▶ **Exercise prompt**
From the entries below, retype only the lines from the one with "Salata cu finocchio si portocale" through the one with "МАКЕЛ Выкл.1кл. о/п белый проход", exactly as written.

▶ **Dataset extract**
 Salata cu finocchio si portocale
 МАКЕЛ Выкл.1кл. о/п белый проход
...
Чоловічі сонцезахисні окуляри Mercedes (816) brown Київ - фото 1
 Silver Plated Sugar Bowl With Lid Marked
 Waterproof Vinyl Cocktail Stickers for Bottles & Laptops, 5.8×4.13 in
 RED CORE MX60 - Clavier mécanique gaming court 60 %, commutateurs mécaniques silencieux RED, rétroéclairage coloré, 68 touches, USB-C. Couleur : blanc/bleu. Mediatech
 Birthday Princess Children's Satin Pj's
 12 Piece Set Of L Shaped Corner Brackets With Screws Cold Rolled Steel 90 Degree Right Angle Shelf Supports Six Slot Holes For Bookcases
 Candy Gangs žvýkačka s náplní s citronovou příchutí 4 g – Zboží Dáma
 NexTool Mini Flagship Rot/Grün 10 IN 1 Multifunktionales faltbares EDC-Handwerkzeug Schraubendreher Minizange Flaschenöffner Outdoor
--
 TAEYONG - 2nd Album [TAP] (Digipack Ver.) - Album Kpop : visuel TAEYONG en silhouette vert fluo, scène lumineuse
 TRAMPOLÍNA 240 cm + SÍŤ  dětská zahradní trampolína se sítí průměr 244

▶ **Task result**
 Salata cu finocchio si portocale
 МАКЕЛ Выкл.1кл. о/п белый проход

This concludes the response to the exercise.